What's totally weird is that no one has a decent explanation.
Those 5 "reasons" are as good as none. Since I learned economy in the end of the 90, it's the most intriguing economical event I came across.
Internet firm bubble and collapse was normal. Sub-prime crisis was pretty logical. Bitcoin was an old trick.
But lost faith in gold is pretty amazing in it's implication, and it's without any precedents. The interesting question : Where will go all the liquidities, those billionaire just took off the gold market? Edit: It seems it's basically market manipulation.
But manipulation on gold is so hard to pull of (so many people have an incentive to hoard gold) that there must be something really wrong with the market at the moment.
Nope. Same exact thing happened in the early 80s, and it took a few decades to repeat. When speculators join the fray a bubble happens. If you were using gold to hedge against the inflation fairy, then you deserve to lose your ass in the market. That's how it is and always has been.But lost faith in gold is pretty amazing in it's implication, and it's without any precedents.

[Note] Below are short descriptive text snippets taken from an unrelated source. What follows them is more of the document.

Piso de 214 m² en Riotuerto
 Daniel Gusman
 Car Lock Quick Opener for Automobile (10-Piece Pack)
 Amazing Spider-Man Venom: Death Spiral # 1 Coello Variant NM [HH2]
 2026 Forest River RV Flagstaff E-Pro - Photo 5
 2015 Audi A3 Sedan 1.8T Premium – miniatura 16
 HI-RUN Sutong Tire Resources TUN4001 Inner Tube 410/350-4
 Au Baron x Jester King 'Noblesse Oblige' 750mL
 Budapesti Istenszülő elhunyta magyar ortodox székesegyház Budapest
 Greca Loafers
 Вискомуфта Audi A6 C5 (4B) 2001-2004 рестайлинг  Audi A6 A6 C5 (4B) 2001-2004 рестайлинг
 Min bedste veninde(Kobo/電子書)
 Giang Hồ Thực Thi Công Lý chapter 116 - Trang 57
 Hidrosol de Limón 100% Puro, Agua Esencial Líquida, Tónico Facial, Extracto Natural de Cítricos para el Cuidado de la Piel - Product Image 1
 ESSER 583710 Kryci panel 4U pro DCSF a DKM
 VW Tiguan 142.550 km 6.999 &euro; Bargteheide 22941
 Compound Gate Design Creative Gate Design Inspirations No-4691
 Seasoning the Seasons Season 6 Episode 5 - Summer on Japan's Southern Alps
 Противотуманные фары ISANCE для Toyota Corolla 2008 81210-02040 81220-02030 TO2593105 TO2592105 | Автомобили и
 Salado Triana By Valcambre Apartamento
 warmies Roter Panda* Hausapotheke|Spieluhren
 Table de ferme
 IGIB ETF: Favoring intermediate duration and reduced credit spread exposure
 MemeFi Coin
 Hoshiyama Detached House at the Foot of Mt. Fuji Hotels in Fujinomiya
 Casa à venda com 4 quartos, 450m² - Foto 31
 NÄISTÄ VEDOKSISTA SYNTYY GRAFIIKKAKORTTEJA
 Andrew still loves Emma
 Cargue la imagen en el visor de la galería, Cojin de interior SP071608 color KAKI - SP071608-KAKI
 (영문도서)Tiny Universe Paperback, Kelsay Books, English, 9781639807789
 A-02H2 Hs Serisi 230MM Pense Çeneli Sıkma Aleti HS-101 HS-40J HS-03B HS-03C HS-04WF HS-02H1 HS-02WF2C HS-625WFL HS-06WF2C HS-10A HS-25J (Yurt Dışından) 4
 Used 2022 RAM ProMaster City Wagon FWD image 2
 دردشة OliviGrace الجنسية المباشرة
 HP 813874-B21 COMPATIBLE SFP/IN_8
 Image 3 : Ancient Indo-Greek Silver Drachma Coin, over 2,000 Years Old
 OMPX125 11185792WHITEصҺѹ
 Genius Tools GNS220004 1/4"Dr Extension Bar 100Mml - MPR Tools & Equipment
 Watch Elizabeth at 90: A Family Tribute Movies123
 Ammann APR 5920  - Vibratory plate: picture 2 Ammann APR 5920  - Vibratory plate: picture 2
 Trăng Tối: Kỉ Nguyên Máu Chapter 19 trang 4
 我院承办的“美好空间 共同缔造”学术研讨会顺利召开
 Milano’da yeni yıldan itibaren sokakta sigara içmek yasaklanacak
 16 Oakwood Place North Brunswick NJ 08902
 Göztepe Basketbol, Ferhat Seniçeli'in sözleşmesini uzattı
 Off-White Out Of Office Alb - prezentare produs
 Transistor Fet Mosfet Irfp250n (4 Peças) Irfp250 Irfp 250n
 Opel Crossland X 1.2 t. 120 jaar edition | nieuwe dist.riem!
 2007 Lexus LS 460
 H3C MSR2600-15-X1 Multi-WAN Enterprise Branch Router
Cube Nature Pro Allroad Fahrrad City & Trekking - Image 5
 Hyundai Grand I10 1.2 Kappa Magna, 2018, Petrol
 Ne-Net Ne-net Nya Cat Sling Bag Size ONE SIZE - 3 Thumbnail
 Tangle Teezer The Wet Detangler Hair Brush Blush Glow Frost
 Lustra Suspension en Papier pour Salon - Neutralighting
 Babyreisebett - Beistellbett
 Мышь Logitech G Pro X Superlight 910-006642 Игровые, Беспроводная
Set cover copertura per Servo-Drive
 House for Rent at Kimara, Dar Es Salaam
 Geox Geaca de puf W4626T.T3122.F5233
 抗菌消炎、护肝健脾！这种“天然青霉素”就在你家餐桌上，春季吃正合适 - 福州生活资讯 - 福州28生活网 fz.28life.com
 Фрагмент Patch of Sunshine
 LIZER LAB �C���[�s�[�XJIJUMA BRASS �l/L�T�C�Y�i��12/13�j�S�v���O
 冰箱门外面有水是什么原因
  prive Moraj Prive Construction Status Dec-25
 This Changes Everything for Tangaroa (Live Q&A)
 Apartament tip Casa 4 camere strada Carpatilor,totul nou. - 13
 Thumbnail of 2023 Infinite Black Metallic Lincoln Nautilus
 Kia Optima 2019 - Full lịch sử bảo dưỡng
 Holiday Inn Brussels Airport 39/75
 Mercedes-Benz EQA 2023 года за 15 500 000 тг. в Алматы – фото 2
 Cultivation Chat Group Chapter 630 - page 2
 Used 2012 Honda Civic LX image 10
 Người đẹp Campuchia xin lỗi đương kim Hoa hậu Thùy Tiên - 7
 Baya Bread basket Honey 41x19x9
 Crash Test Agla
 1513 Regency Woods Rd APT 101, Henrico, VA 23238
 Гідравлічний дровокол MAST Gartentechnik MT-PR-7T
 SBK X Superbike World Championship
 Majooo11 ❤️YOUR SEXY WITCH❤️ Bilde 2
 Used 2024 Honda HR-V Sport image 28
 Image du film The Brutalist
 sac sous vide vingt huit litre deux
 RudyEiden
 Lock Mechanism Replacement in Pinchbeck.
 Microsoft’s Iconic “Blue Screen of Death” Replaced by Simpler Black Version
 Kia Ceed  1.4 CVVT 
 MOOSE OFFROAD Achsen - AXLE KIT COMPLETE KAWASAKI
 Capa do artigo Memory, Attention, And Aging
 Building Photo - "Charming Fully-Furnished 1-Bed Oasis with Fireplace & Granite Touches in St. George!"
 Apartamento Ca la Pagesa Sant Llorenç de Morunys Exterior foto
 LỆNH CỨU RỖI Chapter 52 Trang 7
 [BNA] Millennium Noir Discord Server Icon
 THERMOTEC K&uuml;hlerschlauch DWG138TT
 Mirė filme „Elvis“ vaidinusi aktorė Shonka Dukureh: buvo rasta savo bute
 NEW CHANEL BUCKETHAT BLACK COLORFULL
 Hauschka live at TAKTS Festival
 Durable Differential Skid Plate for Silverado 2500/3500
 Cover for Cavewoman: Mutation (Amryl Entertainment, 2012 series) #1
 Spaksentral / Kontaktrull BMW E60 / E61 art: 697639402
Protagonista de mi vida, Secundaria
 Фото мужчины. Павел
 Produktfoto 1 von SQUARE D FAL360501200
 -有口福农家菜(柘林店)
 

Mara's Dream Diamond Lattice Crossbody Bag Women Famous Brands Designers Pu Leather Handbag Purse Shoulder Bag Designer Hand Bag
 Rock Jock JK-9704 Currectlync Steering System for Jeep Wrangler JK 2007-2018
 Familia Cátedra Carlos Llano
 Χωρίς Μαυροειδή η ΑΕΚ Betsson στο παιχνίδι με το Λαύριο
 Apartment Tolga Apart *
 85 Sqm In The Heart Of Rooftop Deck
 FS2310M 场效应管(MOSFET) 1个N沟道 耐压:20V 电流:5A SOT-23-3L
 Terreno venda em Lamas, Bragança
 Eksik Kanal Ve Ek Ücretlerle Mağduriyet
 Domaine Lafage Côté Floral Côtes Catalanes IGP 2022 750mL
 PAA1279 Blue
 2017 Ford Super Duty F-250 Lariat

This has nothing to do with the article, but I'm bothered, so I'll complain anyway. This example is one of positive feedback, not negative. Simply stated, negative feedback means "a tendency toward stability." Positive feedback is the opposite. They have nothing to do with growth or decline. The author should stay away from using scientific terms he clearly doesn't understand. It tends to debase one's credibility.Outflows have picked up because sentiment has turned sour, not the other way around. But circular logic is what makes the financial markets go round—and in this case, down. That negative feedback loop is clearly entrenched in gold, which means the bugs should run for cover.